Suttle noted that the publishing company, Rapier Kids, a division of Rapier Publishing Company, proved instrumental in ensuring her dream transformed into a reality. She commended Fannie Pierce, who Suttle described as a God-fearing woman, for her support throughout the entire process, and illustrator Garrett Myers, who depicted Zavier Blú and Zovia Gréy from photographs. As a first-time published author, Suttle fought nervousness, but Rapier Kids appeased all her worries.
“I learned that patience is a virtue and when you trust God, you’re not going to fail,” said Suttle. “It’s a process. Where God has a will, there’s no reason for you to take over. You just have to trust the process. You can’t be upset, you can’t rush anything, because at the end of the day, God is an on-time God.
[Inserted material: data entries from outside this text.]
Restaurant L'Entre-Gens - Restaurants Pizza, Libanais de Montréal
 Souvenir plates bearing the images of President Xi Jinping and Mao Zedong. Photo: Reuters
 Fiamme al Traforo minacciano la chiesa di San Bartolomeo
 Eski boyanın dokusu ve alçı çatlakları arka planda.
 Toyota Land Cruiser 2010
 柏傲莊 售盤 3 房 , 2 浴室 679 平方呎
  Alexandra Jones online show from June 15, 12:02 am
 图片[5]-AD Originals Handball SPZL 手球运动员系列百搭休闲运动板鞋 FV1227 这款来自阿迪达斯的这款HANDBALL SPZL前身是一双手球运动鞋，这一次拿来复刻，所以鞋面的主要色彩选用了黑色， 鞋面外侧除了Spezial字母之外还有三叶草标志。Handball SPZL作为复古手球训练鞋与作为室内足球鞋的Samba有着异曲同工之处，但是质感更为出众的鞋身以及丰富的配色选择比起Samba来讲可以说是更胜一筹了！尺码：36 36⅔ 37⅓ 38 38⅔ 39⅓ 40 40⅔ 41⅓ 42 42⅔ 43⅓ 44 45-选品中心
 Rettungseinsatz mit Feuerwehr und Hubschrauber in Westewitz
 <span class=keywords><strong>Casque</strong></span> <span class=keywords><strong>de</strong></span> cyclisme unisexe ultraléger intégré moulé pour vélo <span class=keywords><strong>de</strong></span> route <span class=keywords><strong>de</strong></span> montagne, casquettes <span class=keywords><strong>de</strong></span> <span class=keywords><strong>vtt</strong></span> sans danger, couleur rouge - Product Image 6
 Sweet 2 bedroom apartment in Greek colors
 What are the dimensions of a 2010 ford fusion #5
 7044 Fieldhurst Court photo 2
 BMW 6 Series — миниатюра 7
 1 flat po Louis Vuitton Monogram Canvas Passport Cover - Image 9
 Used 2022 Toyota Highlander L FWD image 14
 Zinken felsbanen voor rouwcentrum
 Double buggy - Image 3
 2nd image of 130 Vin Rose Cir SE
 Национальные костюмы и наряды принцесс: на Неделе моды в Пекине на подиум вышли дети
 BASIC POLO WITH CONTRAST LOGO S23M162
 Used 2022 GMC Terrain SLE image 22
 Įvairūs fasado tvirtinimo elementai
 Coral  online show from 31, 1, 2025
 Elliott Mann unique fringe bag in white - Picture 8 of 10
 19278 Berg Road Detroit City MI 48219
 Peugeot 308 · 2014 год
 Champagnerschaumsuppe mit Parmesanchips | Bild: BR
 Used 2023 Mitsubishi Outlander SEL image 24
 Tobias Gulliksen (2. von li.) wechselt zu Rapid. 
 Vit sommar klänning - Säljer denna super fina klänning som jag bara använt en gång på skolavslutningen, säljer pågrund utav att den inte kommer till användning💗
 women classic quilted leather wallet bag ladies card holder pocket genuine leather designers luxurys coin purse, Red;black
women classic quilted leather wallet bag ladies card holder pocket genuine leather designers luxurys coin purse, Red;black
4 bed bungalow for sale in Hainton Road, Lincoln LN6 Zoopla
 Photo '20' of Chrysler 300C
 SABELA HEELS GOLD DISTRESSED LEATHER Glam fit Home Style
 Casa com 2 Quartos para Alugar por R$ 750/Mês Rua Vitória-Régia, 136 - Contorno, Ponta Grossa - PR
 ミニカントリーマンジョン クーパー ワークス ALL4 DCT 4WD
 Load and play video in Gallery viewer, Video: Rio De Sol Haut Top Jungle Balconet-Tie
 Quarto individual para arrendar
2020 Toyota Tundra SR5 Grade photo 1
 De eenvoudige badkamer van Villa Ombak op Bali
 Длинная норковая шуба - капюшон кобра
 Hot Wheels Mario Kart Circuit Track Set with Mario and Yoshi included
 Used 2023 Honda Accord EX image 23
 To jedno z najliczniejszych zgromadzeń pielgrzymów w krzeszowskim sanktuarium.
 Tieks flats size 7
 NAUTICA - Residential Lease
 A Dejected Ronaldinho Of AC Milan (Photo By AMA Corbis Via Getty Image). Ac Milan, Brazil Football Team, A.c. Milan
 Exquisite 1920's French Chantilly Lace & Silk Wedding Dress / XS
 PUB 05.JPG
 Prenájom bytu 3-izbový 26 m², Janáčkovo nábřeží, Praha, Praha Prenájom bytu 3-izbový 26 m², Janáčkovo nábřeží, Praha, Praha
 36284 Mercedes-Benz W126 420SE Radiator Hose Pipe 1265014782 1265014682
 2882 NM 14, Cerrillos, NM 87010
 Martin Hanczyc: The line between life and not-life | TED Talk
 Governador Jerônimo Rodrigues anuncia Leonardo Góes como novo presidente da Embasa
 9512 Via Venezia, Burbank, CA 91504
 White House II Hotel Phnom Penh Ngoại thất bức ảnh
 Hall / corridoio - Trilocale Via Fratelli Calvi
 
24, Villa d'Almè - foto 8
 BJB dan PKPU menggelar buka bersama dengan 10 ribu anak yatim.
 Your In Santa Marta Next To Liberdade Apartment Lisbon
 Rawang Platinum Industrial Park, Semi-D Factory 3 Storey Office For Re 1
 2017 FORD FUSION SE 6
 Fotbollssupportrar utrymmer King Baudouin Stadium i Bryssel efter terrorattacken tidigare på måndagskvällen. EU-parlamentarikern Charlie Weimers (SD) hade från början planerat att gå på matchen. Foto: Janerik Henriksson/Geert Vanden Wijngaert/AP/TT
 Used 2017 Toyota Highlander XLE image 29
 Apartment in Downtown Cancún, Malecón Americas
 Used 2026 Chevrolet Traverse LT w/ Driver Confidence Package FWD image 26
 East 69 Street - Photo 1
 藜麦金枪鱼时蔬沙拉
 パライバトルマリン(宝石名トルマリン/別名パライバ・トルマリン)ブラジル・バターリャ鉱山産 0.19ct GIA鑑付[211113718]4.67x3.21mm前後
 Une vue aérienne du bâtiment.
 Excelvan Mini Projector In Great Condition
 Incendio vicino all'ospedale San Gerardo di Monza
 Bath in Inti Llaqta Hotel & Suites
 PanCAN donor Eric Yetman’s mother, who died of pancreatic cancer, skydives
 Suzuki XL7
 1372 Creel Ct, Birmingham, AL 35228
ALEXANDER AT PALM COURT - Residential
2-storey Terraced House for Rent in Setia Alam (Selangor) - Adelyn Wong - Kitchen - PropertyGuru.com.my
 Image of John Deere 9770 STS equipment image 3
If there is a delay, there is a reason.”
What “Nahna” Say represents the manifestation of a lifelong dream, something personal and meaningful Suttle shares with readers. To Suttle, writing is more than a collection of words. She compared reading to viewing a masterpiece in a museum, writing to an artist painting portraits enriched with description, beauty and life.
For Suttle, writing is a way to be connected, to share a part of her soul with others and give a voice to those words she sometimes cannot express aloud.
“To me, writing is art,” said Suttle. “Art speaks to you. It’s personal. When you put [your words] out there for somebody else [to read], I think you’re touching this person. I feel like writing is like if a canvas could talk to you – you’re putting that on paper.”
Suttle hopes that her book will encourage others as she herself was encouraged and inspire them to achieve their own dreams. She left readers with a gem of wisdom to carry with them into their futures.
“God always has a plan,” said Suttle. “We’re just following it and we have to have faith to trust His plan. The manuscript is already written for us – it’s up to us whether we do it or not. Hang on, don’t give up. It’s going to happen. We’re going to see a brighter day. You might not understand it [right now], but that mess always turns into a message.”
Suttle will host a book signing at the Gadsden Mall in front of the waterfall from 11 a.m. to 1 p.m. on Saturday, April 24. She invites the public to attend.